Réfléchir, analyser et argumenter
« La philosophie n’est pas une affaire de restitution des cours. Elle invite l’apprenant à réfléchir sur un problème posé à travers un sujet. La prise en charge du problème invite l’élève à faire appel à ses connaissances livresques et de la vie courante. On s’est rendu compte que la majeure partie des sujets soumis à la réflexion des candidats, étaient des sujets de culture générale. J’ai toujours dit à mes élèves que le cours de philosophie n’est pas un cours à restituer. Les leçons que l’on sert aux élèves ne sont pas des leçons qui font appel à une restitution. Le professeur n’est pas devant les élèves pour leur apprendre des leçons. En philosophie, on est devant aux élèves pour leur apprendre à penser. Ce qui nécessite de la part de l’élève une participation au cours. On apprend à l’élève un travail de recherche élaboré, une capacité de réflexion et d’analyse, une capacité d’argumentation, de raisonnement extraordinaire. Voilà ce qu’on attend des élèves. Nous sommes en deçà des attentes, une fois devant les copies des candidats. Ils nous arrivent de se remettre en question sur le travail qui nous est dévolu« .

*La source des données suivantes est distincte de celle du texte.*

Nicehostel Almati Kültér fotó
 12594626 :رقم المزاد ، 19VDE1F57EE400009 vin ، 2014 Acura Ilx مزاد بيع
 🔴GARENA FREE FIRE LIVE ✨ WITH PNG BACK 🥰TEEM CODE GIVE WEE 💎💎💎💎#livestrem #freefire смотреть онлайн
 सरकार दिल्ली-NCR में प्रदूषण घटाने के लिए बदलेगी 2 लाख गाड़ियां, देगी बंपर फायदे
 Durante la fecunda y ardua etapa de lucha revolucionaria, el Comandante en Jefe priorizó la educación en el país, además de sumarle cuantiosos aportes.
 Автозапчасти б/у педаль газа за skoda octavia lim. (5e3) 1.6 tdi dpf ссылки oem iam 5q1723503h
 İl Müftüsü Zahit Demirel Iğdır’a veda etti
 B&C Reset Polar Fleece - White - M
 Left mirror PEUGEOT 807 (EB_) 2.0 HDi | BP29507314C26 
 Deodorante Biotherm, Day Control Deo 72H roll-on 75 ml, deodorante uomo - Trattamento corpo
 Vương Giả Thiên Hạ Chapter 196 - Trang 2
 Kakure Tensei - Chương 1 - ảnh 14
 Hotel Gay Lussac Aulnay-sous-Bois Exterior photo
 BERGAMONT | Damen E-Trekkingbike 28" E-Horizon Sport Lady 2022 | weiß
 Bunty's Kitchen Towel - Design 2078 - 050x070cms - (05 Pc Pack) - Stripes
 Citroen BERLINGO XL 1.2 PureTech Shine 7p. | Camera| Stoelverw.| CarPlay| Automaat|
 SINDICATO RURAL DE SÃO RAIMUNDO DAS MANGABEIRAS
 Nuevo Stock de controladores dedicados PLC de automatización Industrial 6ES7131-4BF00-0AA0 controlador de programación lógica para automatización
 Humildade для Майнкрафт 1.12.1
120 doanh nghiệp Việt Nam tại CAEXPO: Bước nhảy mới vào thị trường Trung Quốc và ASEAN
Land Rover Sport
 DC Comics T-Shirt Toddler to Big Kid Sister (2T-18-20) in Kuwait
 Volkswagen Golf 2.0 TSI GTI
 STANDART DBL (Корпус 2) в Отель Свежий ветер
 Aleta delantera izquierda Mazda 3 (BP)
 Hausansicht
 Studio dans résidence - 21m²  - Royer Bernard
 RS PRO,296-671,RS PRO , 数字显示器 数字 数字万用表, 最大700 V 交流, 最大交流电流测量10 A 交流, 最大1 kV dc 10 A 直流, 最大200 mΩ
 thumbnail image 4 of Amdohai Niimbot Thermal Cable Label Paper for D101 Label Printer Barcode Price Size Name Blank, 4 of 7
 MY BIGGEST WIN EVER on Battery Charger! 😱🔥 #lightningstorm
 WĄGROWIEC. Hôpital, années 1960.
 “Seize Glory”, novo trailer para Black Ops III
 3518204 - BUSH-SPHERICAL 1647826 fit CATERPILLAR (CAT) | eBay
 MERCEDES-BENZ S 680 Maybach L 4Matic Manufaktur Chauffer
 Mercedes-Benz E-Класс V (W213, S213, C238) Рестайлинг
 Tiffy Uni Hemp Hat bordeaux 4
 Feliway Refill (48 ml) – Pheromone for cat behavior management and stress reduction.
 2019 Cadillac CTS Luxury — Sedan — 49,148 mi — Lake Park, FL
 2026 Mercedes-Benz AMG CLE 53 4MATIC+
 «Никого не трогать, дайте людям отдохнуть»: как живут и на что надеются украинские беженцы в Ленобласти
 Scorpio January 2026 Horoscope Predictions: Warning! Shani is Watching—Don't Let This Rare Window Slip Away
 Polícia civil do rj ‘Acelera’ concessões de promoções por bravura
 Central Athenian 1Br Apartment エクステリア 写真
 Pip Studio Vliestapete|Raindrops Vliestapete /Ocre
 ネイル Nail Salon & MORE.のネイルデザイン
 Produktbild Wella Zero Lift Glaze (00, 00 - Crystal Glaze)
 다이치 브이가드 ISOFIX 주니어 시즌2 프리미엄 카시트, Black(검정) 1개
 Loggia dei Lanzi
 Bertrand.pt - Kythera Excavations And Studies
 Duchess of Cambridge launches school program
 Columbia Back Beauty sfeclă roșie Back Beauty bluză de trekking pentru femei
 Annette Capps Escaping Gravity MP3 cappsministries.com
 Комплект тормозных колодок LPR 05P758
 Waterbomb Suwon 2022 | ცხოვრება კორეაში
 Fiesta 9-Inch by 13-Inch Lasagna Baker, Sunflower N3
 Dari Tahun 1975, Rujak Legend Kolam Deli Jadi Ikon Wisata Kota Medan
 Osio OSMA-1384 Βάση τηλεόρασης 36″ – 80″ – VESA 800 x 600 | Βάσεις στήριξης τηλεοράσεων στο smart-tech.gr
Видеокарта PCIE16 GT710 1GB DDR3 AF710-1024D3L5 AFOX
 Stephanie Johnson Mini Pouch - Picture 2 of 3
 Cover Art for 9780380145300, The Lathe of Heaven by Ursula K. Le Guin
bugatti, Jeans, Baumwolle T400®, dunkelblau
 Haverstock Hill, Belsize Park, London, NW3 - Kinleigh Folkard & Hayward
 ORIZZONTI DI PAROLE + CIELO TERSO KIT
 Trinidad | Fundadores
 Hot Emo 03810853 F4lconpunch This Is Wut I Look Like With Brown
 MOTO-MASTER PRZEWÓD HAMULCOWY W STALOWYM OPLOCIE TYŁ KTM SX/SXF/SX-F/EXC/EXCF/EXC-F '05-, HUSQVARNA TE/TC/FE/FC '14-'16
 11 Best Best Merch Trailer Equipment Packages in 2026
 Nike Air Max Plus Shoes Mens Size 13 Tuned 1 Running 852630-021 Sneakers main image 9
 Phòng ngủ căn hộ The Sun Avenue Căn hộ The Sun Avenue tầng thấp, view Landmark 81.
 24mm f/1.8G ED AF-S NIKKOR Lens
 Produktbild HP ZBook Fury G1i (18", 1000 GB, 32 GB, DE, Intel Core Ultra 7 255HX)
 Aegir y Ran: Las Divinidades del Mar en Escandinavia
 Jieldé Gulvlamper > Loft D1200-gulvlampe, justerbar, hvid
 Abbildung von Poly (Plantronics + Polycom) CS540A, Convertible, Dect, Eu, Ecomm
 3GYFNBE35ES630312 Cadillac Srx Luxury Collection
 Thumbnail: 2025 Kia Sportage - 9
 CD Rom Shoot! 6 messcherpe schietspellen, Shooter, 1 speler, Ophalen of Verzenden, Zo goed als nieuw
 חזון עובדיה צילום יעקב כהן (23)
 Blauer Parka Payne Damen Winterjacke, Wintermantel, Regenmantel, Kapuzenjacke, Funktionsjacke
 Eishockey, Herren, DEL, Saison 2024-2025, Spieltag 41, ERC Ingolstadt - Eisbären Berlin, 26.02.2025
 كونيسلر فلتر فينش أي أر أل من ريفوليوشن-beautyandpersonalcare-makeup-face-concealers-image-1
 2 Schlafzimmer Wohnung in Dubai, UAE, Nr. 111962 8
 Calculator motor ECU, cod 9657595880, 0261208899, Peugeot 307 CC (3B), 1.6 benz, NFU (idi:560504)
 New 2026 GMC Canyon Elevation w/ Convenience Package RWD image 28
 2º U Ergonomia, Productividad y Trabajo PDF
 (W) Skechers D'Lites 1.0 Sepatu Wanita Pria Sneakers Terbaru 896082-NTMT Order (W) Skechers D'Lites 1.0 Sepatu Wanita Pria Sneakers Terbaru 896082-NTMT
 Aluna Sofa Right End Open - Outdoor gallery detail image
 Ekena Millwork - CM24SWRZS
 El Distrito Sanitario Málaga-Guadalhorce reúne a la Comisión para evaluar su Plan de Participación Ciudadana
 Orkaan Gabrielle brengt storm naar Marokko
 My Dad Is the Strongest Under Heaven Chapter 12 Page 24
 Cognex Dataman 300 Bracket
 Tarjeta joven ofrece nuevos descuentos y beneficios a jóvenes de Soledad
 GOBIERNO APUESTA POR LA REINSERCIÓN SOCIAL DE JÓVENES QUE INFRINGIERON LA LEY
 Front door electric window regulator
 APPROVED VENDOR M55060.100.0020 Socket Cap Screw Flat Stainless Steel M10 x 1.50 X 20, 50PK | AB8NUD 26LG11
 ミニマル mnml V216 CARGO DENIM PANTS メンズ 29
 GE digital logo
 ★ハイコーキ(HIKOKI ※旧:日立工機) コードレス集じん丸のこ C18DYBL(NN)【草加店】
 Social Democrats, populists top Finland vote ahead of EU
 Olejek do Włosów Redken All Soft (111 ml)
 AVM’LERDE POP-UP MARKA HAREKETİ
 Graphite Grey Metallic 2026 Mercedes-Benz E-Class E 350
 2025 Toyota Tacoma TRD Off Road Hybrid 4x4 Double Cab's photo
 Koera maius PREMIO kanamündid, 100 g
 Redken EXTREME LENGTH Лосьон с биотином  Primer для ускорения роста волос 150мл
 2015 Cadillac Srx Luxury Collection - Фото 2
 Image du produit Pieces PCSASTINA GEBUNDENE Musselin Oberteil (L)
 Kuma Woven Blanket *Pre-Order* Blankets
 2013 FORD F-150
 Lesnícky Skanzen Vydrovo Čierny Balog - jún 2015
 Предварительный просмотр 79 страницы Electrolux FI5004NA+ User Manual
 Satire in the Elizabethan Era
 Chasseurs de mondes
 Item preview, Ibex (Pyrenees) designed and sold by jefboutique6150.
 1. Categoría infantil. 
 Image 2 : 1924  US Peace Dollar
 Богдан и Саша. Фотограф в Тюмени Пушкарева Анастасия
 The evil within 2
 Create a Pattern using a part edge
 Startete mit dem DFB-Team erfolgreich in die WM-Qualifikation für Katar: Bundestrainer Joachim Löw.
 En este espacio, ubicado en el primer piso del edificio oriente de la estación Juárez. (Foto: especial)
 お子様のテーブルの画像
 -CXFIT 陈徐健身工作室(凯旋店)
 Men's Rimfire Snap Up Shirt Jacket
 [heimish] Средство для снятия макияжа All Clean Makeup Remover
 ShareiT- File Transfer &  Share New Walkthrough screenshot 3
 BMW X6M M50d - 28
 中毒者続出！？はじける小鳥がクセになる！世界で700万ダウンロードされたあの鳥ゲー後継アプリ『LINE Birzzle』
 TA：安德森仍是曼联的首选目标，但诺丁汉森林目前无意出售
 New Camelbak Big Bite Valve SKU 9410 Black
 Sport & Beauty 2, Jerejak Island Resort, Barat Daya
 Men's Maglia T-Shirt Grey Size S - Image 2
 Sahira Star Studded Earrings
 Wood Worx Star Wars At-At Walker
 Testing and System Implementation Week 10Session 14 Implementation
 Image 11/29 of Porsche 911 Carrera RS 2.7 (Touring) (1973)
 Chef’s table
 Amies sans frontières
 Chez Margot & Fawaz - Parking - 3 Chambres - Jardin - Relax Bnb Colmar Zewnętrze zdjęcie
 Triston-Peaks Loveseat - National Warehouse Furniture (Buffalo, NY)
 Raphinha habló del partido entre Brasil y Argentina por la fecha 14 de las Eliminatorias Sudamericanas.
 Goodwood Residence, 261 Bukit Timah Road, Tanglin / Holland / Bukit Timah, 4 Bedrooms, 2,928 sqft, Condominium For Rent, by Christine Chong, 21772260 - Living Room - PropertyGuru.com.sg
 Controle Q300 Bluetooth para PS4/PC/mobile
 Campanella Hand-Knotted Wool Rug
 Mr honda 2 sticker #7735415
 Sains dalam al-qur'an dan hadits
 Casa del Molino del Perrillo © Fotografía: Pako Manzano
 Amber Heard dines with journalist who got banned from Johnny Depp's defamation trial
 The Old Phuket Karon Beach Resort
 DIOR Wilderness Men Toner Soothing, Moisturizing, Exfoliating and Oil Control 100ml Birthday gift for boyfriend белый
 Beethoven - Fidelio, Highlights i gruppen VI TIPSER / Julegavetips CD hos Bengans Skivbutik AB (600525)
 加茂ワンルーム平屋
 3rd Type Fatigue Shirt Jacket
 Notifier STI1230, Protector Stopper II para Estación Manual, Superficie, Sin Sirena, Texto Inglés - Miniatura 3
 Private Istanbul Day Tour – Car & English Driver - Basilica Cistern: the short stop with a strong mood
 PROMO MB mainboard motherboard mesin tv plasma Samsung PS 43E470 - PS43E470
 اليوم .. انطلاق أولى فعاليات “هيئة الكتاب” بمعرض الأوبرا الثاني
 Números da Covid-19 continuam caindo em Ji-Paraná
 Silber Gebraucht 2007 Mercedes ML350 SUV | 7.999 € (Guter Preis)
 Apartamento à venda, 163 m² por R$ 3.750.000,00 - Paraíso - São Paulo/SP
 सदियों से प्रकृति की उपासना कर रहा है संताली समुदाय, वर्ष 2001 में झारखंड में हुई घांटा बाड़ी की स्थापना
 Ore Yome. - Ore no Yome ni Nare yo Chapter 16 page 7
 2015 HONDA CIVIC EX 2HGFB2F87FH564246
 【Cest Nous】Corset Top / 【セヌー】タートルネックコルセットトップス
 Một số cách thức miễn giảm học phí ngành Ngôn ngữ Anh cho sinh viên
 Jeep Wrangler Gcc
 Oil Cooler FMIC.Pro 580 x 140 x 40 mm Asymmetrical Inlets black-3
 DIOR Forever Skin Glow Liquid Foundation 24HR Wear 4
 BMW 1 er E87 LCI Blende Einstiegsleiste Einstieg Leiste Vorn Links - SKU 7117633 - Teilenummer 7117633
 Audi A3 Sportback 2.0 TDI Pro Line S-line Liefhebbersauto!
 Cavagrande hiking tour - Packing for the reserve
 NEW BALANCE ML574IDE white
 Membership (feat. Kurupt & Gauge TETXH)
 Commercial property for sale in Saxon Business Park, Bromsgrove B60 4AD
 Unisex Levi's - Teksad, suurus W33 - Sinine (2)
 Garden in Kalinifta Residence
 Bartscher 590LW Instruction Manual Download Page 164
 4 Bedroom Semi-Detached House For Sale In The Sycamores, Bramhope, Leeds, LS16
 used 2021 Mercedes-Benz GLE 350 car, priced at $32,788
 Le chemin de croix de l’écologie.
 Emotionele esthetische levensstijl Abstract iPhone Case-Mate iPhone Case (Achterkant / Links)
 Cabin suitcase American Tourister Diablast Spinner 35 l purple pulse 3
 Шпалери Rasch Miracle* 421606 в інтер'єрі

Activités de synthèse ou séances de prise en charge psychologique
« La synthèse est une occasion de revenir de manière synthétique sur ce que le professeur a déroulé au cours de quatre domaines du programme de philosophie que l’enseignant doit finir en un temps très court. Déjà rien que le fait d’asseoir les connaissances, les concepts et les notions élémentaires de la philosophie peut prendre pour le professeur de philosophie, trois à quatre mois. Ce qui veut dire que l’enseignement des connaissances prendra plus de temps. C’est problématique. Voilà pourquoi nous proposons aux élèves des séances de synthèse que j’appelle personnellement séances de prise en charge psychologique. A une ou deux semaines de l’anticipé de philo, faire une synthèse est une manière de varier les discours. Il s’agit de montrer aux élèves que ces professeurs venus d’horizon divers ne sont là que pour revenir de manière synthétique sur ce que le professeur a déjà fait en classe « .
Mercantilisme !
« Alors si l’élève entend un nouveau discours avec les mêmes concepts et les mêmes notions être déployés par un professeur, cet élève se sentirait intérieurement et psychologiquement à l’aise en se disant au fond de lui que véritablement que ce prof n’a fait et dit que ce que notre prof a eu à faire. C’est un sentiment de sérénité qui va habiter l’élève. Voilà l’objectif des synthèses. En revanche, nous déplorons le mercantilisme de ces activités. Ces gens qui regroupent des élèves dans les salles et qui leur font payer en fin d’année parce qu’on sait le niveau de stress. L’élève est disposé à mettre la main à la pâte et à donner ce que le professeur lui demande pour revenir de manière synthétique sur tel élément ou tel autre élément du programme. Dans une activité de synthèse, un prof qui mettrait l’accent sur une leçon ou sur un chapitre pourrait influencer, de manière tacite, même sans le savoir, l’élève à apprendre une certaine leçon. Ils se disent que les profs doivent connaitre au préalable les leçons ou les thèmes qui vont sortir au bac. C’est un danger. Donc prendre le micro devant un parterre d’élèves, mettre l’accent sur un élément du cours, c’est tacitement vouloir montrer à l’élèves voilà ce sur quoi il faudrait mettre l’accent, alors que le programme de philo sénégalais est axé sur quatre chapitres. Nous, professeurs, ne faisons que proposer. on découvre les sujets du bac en même temps que les élèves ».